Four months after the closing of Fredericton's Morgentaler clinic spurred a national debate about abortion access in rural Canada, New Brunswick's Premier has announced his government is doing away with most of a regulation that made his province one of the most difficult places in the country to end a pregnancy.
Beginning on Jan. 1, New Brunswick women will no longer need two doctors to confirm an abortion is "medically necessary" before they can receive public funding to have it. The changes also mean public health insurance will cover abortions performed by family doctors – not just specialists.

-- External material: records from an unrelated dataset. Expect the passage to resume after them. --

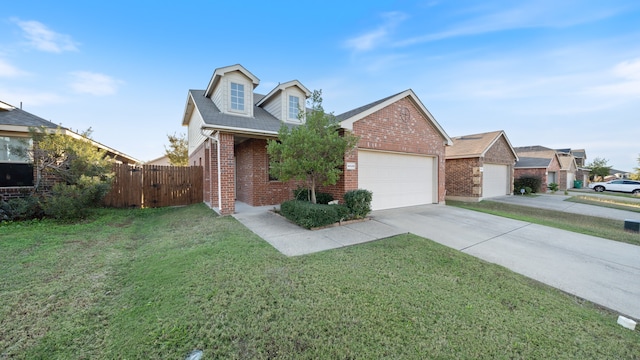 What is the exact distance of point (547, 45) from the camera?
8133 millimetres

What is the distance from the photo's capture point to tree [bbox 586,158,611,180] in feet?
125

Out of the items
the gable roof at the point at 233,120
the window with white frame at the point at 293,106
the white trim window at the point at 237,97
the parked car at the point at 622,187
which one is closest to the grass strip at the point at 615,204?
the parked car at the point at 622,187

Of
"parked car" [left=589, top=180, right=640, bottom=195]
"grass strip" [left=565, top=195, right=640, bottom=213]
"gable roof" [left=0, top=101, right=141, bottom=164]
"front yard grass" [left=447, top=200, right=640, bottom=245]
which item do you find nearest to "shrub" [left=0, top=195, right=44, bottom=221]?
"gable roof" [left=0, top=101, right=141, bottom=164]

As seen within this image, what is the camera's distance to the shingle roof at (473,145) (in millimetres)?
14481

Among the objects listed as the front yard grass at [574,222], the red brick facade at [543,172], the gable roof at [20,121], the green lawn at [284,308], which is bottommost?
the front yard grass at [574,222]

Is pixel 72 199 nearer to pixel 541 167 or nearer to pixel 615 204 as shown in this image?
pixel 615 204

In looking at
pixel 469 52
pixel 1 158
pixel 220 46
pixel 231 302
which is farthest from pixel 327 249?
pixel 1 158

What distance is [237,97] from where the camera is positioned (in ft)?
32.5

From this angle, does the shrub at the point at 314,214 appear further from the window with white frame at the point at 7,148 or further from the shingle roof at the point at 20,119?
the shingle roof at the point at 20,119

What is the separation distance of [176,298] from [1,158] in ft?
35.4

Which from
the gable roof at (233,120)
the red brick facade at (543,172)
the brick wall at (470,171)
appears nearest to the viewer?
the gable roof at (233,120)

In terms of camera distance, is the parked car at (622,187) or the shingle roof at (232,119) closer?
the shingle roof at (232,119)

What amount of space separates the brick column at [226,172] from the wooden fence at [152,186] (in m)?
4.80

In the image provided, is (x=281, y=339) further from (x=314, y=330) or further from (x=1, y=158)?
(x=1, y=158) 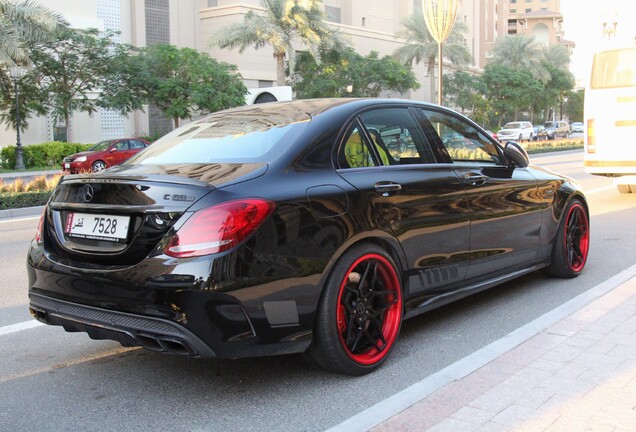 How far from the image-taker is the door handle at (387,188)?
4.22 metres

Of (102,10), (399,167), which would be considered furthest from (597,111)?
(102,10)

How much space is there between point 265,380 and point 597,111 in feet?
36.5

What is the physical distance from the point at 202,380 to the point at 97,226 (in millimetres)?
1102

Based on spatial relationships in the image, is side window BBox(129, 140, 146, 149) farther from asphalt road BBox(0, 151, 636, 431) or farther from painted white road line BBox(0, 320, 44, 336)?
painted white road line BBox(0, 320, 44, 336)

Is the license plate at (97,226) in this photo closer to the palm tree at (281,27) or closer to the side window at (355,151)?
the side window at (355,151)

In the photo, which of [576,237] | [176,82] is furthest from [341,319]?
→ [176,82]

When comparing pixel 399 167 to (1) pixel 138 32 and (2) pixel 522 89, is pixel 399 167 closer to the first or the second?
(1) pixel 138 32

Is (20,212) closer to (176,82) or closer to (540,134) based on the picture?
(176,82)

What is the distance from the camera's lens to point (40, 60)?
107 feet

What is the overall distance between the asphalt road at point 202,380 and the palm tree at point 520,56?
73596mm

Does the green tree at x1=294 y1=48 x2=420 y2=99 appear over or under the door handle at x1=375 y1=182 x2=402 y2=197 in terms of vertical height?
over

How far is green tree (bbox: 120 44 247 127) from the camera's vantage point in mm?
35688

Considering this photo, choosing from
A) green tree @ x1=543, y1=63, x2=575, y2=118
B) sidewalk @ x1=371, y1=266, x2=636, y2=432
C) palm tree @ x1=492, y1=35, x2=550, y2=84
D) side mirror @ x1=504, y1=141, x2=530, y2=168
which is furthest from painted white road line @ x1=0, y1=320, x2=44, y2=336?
green tree @ x1=543, y1=63, x2=575, y2=118

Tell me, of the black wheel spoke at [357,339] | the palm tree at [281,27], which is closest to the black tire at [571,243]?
the black wheel spoke at [357,339]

"Personally, I'm pro-choice," Premier Brian Gallant told The Globe and Mail on Wednesday. "As a Premier and when I was leader of the opposition and made this commitment, it wasn't difficult to make this choice because I know it's the right one. We don't have the flexibility to start picking which rights we want to respect."

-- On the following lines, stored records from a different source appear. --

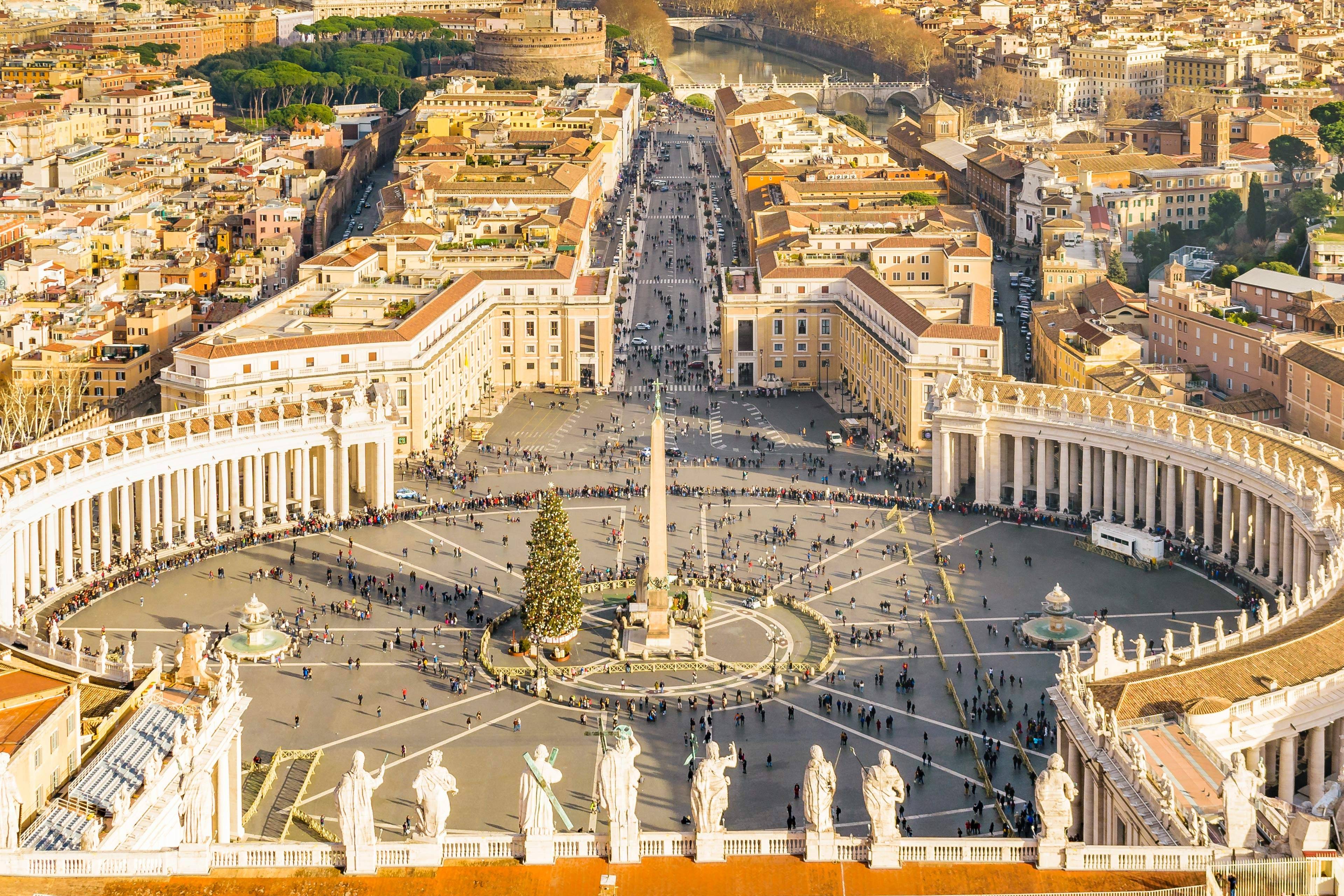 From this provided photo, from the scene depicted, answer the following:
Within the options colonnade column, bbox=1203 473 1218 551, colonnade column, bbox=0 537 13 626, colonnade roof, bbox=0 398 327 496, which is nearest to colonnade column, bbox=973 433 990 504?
colonnade column, bbox=1203 473 1218 551

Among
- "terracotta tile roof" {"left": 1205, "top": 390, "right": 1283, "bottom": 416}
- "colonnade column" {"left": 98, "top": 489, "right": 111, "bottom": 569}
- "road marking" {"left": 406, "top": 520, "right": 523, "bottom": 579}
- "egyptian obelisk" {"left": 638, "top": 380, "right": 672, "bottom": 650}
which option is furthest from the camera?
"terracotta tile roof" {"left": 1205, "top": 390, "right": 1283, "bottom": 416}

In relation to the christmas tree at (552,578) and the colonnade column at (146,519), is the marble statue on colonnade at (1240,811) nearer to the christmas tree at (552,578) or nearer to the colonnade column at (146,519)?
the christmas tree at (552,578)

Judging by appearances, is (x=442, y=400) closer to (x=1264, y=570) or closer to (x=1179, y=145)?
(x=1264, y=570)

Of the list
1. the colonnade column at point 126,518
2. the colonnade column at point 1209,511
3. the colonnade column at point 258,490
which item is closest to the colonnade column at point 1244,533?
the colonnade column at point 1209,511

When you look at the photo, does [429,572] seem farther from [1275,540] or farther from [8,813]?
[8,813]

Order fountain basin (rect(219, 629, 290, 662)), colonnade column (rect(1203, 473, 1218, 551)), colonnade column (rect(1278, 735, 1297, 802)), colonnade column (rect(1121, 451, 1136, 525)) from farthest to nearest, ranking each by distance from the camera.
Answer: colonnade column (rect(1121, 451, 1136, 525))
colonnade column (rect(1203, 473, 1218, 551))
fountain basin (rect(219, 629, 290, 662))
colonnade column (rect(1278, 735, 1297, 802))

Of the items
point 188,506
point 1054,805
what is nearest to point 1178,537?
point 188,506

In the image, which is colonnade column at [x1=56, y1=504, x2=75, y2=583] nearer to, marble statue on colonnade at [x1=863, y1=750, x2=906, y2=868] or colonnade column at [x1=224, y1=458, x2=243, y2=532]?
colonnade column at [x1=224, y1=458, x2=243, y2=532]
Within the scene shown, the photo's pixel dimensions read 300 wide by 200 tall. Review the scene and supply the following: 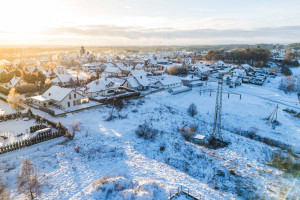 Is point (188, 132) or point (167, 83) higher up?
point (167, 83)

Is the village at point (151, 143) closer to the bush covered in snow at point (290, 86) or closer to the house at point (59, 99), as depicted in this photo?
the house at point (59, 99)

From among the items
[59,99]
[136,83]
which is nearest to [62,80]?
[136,83]

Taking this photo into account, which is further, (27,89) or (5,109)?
(27,89)

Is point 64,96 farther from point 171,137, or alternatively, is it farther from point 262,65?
point 262,65

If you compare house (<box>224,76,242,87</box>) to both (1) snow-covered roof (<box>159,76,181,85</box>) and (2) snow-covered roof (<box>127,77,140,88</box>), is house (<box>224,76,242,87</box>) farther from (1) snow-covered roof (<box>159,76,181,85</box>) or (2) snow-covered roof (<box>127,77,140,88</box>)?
(2) snow-covered roof (<box>127,77,140,88</box>)

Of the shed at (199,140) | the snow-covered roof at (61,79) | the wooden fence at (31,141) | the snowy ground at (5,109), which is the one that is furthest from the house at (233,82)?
the snowy ground at (5,109)

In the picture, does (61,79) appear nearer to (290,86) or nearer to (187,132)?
(187,132)

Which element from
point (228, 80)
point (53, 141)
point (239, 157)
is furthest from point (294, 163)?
point (228, 80) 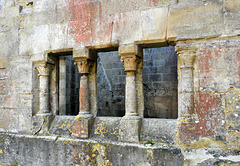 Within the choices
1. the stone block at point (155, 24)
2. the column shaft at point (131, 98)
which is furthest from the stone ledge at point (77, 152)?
the stone block at point (155, 24)

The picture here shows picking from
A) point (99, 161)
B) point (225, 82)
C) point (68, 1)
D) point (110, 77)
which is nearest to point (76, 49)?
point (68, 1)

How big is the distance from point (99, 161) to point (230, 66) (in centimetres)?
232

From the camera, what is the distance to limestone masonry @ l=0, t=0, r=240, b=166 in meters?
2.79

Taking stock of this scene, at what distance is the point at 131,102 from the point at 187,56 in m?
1.06

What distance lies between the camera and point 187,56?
2.96m

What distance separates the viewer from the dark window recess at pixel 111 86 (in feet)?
20.1

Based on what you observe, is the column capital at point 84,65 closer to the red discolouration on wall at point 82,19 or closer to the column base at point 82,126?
the red discolouration on wall at point 82,19

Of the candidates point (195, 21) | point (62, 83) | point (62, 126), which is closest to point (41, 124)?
point (62, 126)

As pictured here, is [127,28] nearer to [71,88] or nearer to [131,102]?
[131,102]

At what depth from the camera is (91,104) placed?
369 centimetres

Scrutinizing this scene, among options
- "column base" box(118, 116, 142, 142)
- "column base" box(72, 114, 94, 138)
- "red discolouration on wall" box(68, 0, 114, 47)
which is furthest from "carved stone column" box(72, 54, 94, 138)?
"column base" box(118, 116, 142, 142)

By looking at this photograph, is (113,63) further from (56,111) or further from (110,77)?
(56,111)

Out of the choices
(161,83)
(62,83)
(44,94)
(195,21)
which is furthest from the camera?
(161,83)

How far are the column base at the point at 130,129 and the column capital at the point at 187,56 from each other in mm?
1058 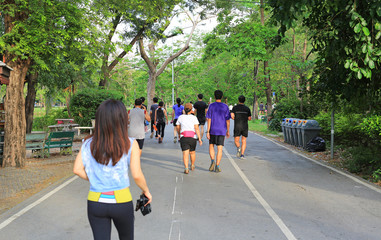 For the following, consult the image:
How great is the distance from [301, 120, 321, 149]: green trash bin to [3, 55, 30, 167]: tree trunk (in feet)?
31.7

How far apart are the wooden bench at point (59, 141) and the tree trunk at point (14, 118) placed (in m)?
2.00

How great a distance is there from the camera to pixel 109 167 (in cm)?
264

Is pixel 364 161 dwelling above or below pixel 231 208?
above

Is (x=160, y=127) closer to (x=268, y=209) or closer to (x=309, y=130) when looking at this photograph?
(x=309, y=130)

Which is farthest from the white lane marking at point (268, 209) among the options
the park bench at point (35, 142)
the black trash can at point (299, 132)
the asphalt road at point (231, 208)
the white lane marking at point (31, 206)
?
the park bench at point (35, 142)

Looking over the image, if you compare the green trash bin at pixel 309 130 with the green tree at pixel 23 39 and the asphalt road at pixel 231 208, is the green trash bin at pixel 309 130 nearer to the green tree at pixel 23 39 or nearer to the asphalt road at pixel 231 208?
the asphalt road at pixel 231 208

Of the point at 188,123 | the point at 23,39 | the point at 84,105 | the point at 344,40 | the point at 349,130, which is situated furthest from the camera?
the point at 84,105

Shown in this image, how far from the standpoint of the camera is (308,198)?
21.1ft

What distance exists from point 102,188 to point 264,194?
4.65m

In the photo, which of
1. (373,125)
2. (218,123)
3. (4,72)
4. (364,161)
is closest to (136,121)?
(218,123)

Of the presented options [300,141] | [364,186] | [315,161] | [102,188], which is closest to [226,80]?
[300,141]

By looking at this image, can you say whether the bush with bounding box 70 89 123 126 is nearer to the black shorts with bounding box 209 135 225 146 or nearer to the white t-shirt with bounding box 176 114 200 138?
the black shorts with bounding box 209 135 225 146

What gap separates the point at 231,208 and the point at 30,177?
5.56 meters

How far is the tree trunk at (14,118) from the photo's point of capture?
32.9 ft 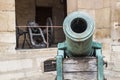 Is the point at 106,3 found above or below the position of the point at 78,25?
above

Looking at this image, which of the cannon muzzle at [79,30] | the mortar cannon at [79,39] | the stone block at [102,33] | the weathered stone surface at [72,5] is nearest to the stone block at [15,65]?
the weathered stone surface at [72,5]

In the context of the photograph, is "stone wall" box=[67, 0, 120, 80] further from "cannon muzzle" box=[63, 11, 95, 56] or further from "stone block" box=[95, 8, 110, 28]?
"cannon muzzle" box=[63, 11, 95, 56]

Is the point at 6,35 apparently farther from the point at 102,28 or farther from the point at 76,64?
the point at 76,64

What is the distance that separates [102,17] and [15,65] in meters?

The main pro-choice group that pressed Mr. Gallant's Liberal government to scrap regulation 84-20 of the Medical Services Payment Act praised the changes and thanked the Premier, but said the amendments do not go far enough to ensure swift, widespread access.
"It falls short in a couple of places," said Jessi Taylor, a spokeswoman for Reproductive Justice NB. "The most obvious is in that it still restricts abortions to hospitals. That's a huge barrier because, first of all, hospitals can make their own policies that can restrict abortions. It's also problematic because there's still no self-referral in a hospital."
Regulation 84-20 has existed in its current form since 1989, when premier Frank McKenna's Liberal government adopted it after the Supreme Court of Canada struck down the federal abortion law in 1988.
In most of the 25 years since, the Morgentaler clinic in Fredericton provided abortions to women who paid.
The clinic performed 612 abortions in 2012, the last year for which statistics are available, according to the Canadian Institute for Health Information. By contrast, 483 abortions were performed in New Brunswick hospitals in 2013-2014 at a cost to the public system of between $500,000 and $600,000 annually, a spokesman for the Premier said.
Simone Leibovitch, the former manager of the Morgentaler clinic, said last spring the clinic could no longer afford to spend about $10,000 a year helping women who could not pay the fees – nor could it continue to tolerate New Brunswick's policy on abortion. It closed at the end of July.
"When the clinic closed," Mr. Gallant said, "there's no doubt that forced the conversation as a province."
Although New Brunswick's regulations were the most restrictive in the country, other provinces have not done enough to make abortion widely available, especially in rural regions, said Wendy Norman, a family physician and professor in the department of family practice at the University of British Columbia.
She co-authored a study that found that, in 2012, nearly half of all the hospitals, clinics and doctor's offices performing abortions in Canada – 46 of 94 in total – were in Quebec, where the government has made a concerted effort to expand access outside large cities.
"In jurisdictions where the health policy makers haven't made this kind of health policy provision, we aren't seeing the same kind of primary-care or community-based or rural access for women," said Dr. Norman, who presented her initial findings from the 2012 survey at the Family Medicine Forum in Quebec City this month.
British Columbia and Ontario both had 16 abortion facilities in 2012, while there were eight in the three Prairie provinces, four in the territories and four in the Maritimes, including the now-closed Morgentaler clinic in Fredericton. Prince Edward Island has no abortion services.